Do you ever catch yourself deep in a story of judging others? Do you ever give with the hope of receiving recognition or to position yourself? Do you like to give because it makes you feel good?

Being someone who gives is different than being someone who leads life with a generous spirit.

I want to share a recent story that opened my eyes to what it means to have a generous spirit. It’s not one I’m proud of, but the message is an important one to share.

Not so long ago, on a dark and rainy afternoon, after running errands with my children in tow, we decided we’d make one last stop for hot chocolate.

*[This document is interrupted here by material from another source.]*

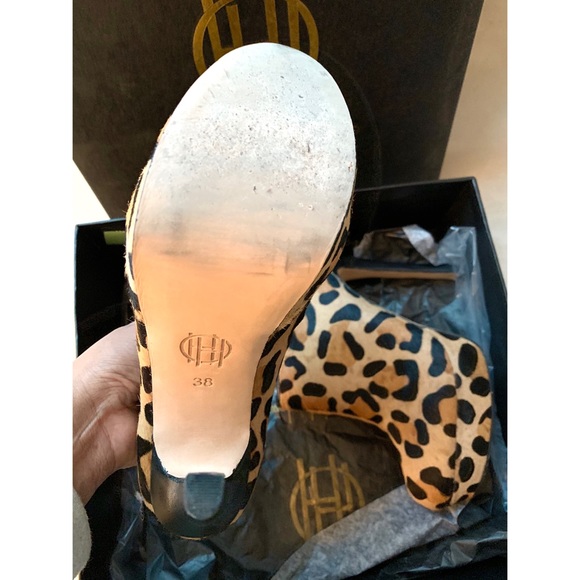 HOUSE OF HARLOW 1960 Animal Print Ankle Boots - Picture 7 of 8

We pulled up to the StarBucks® drive-thru and placed our order. There we waited, in my warm fancy car anticipating the deliciousness of our warm fancy drinks.

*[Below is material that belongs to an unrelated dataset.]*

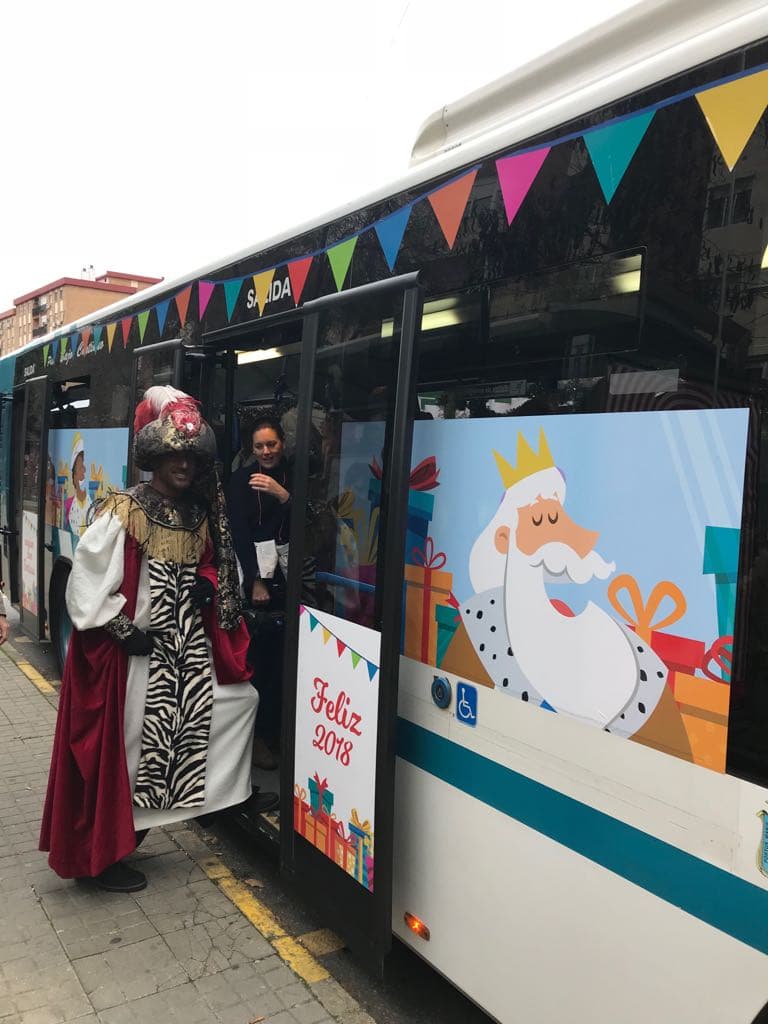 Imagen de «Los Reyes Magos viajan con EMTUSA», 2018 (1)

My sons wore happy faces in the back seat as they watched Home Alone for the umpteenth time. We were dry, warm and happy. Everyone was getting along – a definite bonus with two active kids cooped up in a car. We truly didn’t have a worry in the world.

As we waited our turn in the queue, I spotted a man and his dog sitting on the ground at the end of the drive-thru. He had all his life possessions in a cart beside him and a sign that said: HUNGRY, ANYTHING WILL HELP.

My heart sank and then it started to beat faster as I thought to myself: What do I do? Nobody should go hungry. Do I give him money? Will he use it to buy drugs? Is he on drugs right now? I mean, I can’t drive by and ignore him. Do I buy him something to eat? What would I get him? Would I open the passenger window and give it to him? What if he tried to get in?

I looked in the rear view mirror at my loves, in our bubble of abundance and privilege and I immediately felt protective.

By the time I arrived at the check-out window I was twisted up inside. I didn’t know exactly what to do, but I knew with every fiber of my being I had to do something.

I asked the young man at Starbucks® if I could please get a gift card and load it with some money for the man, so he could get something to eat. Then I asked him if he noticed the man there. He said they knew he was there and it was nice for me to help. His reassurance didn’t give me any sense of relief whatsoever and clearly relief (mine) was what I was seeking.

I felt sick. Sick about my privilege. Sick that I had the thought this vulnerable human being, with all of his possessions and dog at his side, would actually try to get in my car. I felt sick I might get judged by this man for my privilege. I felt sick about how to logistically give this man the gift card and an offer for something to eat.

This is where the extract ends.